→ **Problem description**
A complete answer lists every line of the entries below where the string "best" appears.

→ **The data**
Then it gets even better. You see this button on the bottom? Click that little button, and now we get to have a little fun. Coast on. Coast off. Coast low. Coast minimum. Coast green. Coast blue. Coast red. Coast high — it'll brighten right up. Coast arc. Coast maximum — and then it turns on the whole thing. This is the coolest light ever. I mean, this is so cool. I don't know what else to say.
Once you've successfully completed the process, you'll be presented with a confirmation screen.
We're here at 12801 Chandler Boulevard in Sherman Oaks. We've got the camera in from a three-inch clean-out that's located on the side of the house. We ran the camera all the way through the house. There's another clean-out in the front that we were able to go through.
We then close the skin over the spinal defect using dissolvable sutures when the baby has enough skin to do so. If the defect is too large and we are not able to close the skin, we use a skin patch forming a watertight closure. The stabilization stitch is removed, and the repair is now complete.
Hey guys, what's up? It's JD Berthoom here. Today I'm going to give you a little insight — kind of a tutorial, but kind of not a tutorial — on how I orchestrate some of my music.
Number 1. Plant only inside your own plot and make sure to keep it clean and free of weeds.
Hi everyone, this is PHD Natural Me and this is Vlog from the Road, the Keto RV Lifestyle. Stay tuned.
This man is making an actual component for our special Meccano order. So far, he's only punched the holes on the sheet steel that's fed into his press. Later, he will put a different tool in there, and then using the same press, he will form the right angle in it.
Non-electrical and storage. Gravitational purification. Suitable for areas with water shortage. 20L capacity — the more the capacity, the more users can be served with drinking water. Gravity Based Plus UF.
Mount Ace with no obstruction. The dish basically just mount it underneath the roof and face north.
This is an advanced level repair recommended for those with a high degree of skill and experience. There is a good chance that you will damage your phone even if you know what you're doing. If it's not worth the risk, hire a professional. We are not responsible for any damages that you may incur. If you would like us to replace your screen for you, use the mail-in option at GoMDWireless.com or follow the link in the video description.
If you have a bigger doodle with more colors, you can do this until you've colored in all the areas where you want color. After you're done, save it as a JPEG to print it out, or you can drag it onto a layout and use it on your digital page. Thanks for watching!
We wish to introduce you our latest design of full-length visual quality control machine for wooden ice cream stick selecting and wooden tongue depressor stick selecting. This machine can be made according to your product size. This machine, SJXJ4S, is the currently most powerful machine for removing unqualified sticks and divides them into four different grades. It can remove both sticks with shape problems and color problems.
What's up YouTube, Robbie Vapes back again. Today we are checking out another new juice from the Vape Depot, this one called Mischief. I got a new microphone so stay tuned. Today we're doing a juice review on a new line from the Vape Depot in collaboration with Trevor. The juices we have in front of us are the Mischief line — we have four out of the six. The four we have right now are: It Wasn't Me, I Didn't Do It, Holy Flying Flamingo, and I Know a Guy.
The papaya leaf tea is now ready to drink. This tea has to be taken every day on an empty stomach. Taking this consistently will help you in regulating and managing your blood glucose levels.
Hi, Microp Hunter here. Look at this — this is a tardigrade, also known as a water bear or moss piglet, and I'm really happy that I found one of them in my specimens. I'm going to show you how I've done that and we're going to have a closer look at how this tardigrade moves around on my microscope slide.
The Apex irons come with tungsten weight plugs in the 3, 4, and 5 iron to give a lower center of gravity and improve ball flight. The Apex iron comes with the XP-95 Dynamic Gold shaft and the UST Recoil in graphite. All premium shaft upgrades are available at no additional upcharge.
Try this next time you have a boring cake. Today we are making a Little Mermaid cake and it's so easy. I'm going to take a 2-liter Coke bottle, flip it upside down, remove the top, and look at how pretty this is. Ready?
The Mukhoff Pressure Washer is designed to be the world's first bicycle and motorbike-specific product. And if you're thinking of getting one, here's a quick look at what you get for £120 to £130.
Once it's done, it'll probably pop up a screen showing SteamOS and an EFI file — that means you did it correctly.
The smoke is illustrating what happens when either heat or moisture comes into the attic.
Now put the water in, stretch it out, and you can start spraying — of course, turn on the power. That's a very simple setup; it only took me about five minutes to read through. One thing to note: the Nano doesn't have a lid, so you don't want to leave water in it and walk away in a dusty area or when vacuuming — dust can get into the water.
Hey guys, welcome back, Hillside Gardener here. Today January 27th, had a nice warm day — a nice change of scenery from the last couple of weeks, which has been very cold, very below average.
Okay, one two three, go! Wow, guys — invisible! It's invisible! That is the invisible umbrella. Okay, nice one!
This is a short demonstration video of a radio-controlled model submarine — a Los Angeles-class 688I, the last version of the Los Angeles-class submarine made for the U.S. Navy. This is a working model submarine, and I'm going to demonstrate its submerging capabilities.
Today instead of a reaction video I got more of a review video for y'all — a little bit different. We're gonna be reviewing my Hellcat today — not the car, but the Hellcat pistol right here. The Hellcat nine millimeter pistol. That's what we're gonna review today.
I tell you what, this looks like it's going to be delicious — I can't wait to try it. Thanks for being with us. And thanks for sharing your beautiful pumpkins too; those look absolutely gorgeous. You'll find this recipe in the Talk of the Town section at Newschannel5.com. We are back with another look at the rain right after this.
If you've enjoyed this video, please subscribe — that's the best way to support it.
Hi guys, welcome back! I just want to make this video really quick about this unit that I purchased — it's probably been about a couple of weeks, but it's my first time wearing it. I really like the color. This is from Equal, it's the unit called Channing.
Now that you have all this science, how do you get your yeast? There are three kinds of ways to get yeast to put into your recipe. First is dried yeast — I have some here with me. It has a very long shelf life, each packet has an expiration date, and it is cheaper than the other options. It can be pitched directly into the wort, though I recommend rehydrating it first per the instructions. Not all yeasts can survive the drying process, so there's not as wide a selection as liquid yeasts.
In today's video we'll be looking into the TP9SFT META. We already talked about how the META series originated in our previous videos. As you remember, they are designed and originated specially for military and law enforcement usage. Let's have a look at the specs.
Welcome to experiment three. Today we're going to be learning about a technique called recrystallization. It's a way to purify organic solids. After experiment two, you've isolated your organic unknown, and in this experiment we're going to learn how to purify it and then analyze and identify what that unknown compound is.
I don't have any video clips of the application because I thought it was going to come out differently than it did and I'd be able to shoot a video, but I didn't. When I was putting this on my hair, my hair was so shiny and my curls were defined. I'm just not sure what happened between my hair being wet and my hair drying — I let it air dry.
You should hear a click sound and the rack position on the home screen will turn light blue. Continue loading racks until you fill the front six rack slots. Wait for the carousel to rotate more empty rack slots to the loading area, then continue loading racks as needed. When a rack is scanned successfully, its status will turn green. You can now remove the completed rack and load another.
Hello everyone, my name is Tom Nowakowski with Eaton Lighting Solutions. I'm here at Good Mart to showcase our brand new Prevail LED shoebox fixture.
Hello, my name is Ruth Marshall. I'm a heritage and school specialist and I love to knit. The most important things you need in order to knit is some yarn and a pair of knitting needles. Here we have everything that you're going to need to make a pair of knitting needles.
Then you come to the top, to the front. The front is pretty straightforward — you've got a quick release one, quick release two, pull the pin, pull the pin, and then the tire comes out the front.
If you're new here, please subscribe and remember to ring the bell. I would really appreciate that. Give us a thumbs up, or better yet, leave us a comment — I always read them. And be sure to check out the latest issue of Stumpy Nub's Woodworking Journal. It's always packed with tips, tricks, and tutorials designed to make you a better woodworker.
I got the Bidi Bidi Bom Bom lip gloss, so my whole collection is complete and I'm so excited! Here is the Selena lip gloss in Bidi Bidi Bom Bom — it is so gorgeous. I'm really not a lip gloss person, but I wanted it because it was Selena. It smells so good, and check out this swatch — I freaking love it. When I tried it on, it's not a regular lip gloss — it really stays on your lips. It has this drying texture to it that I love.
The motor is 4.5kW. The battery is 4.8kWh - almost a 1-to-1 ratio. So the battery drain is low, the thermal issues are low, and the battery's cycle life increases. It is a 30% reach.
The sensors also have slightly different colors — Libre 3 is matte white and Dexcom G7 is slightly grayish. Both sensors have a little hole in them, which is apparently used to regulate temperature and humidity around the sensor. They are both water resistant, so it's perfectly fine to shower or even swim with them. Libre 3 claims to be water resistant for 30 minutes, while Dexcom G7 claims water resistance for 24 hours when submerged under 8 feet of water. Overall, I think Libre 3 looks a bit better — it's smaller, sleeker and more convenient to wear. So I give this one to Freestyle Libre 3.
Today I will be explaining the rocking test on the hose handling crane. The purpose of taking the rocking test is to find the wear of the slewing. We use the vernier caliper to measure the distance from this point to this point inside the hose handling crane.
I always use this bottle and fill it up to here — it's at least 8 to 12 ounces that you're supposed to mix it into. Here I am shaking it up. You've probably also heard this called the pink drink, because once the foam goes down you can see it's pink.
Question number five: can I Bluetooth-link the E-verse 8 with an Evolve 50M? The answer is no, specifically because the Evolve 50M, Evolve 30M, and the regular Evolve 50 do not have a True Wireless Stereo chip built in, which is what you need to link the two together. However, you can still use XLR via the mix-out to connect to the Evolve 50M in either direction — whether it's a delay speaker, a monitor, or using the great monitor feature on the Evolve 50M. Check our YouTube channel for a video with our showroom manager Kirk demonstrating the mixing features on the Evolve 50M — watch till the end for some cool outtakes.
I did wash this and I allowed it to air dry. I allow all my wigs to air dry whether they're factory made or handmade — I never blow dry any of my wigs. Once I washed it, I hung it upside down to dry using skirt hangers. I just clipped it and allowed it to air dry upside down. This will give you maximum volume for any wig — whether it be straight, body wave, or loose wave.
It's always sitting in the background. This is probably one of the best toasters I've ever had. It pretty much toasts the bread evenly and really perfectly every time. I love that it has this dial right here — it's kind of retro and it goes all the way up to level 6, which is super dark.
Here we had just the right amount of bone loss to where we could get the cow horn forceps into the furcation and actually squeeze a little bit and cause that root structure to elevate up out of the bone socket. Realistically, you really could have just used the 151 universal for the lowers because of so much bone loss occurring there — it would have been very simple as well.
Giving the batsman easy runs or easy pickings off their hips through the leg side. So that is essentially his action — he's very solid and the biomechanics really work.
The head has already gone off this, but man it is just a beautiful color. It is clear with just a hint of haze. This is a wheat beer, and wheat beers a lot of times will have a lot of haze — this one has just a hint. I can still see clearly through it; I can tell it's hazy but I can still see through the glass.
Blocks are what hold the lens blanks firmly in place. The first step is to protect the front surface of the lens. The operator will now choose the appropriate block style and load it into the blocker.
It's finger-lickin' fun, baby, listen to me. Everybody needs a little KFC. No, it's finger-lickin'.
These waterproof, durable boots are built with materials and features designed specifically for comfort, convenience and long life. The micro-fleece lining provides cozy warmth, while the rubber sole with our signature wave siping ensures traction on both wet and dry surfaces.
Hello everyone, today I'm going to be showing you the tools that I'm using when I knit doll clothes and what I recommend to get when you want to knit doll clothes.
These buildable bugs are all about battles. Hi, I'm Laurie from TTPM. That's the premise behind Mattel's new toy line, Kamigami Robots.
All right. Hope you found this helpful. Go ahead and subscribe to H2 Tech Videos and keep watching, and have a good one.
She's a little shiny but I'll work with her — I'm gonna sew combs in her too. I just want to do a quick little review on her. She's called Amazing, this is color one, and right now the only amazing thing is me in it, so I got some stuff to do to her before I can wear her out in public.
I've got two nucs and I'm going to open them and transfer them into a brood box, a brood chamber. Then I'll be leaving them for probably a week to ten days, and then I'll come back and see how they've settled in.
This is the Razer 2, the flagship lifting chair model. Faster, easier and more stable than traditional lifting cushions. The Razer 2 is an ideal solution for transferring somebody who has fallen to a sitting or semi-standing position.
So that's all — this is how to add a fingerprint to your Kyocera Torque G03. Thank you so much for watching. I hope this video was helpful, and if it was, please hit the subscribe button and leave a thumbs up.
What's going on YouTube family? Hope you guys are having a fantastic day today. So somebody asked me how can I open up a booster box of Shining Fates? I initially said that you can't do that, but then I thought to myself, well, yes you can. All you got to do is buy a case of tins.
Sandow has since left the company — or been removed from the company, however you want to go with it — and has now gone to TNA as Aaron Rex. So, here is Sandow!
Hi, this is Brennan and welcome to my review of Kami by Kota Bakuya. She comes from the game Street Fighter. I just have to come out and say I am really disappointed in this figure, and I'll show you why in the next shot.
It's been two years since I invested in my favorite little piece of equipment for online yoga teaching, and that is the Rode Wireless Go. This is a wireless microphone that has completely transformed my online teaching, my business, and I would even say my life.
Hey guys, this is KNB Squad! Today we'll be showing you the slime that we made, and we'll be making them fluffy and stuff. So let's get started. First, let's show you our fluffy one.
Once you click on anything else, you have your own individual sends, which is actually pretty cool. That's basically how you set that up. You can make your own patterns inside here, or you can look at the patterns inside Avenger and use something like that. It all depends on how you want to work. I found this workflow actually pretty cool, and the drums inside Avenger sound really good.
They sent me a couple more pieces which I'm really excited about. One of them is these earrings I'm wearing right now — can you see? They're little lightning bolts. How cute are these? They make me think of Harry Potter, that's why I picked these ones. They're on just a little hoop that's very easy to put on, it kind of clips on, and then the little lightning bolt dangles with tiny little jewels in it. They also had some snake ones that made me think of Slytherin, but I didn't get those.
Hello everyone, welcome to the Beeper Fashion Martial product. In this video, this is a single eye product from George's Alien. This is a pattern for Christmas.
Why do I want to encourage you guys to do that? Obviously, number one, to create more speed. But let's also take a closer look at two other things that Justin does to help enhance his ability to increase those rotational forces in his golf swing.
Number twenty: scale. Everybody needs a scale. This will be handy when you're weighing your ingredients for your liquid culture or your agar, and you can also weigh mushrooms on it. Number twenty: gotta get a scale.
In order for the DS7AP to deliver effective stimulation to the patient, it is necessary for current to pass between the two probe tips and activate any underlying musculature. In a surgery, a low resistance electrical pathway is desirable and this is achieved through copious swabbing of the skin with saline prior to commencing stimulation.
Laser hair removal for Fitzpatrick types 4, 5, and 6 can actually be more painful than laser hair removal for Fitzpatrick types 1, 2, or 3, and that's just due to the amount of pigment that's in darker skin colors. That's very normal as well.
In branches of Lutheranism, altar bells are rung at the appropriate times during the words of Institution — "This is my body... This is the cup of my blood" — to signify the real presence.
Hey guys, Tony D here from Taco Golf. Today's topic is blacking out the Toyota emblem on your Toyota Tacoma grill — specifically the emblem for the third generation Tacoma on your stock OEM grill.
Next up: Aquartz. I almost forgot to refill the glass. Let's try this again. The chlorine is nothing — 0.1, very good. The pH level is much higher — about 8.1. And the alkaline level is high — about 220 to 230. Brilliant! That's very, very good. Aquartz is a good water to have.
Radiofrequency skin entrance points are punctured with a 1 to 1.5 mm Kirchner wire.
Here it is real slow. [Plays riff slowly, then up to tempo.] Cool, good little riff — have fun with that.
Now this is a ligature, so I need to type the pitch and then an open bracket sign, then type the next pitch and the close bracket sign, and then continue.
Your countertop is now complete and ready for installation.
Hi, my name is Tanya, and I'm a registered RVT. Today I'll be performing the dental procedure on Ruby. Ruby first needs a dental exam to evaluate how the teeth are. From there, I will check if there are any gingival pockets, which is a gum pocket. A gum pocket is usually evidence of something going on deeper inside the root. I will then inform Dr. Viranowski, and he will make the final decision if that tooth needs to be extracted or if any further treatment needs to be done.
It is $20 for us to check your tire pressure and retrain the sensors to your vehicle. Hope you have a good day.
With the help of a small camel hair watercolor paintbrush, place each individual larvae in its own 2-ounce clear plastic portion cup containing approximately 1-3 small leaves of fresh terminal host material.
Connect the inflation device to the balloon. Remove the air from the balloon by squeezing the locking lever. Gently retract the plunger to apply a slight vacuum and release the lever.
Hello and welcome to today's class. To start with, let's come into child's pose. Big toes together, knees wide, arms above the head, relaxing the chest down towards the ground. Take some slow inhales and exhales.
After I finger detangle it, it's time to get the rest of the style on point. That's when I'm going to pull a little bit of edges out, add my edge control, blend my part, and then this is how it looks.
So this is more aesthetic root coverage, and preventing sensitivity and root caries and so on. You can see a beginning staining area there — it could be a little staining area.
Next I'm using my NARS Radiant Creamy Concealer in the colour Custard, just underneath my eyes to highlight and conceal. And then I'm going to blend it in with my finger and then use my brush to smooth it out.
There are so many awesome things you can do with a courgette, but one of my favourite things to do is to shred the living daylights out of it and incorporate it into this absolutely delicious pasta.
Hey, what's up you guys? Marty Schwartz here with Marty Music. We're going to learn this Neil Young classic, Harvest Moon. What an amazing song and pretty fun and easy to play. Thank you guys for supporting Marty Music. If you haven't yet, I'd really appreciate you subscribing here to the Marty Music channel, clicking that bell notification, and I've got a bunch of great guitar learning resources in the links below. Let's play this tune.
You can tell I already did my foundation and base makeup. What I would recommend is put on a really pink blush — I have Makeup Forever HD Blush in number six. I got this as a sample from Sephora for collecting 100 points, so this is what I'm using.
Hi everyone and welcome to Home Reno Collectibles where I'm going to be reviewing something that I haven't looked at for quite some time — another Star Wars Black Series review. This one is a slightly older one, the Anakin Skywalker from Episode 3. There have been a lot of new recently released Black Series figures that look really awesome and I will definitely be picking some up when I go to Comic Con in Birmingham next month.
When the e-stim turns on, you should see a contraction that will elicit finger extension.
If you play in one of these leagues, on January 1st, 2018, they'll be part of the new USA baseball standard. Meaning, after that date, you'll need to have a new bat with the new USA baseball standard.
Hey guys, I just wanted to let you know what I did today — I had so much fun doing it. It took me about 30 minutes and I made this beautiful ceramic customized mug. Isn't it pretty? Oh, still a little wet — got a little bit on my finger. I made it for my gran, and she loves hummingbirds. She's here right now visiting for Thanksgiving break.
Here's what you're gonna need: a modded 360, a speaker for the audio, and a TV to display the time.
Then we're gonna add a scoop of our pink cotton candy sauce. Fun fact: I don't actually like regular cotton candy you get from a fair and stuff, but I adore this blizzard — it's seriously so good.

→ **Exercise result**
If you've enjoyed this video, please subscribe — that's the best way to support it.
It's always sitting in the background. This is probably one of the best toasters I've ever had. It pretty much toasts the bread evenly and really perfectly every time. I love that it has this dial right here — it's kind of retro and it goes all the way up to level 6, which is super dark.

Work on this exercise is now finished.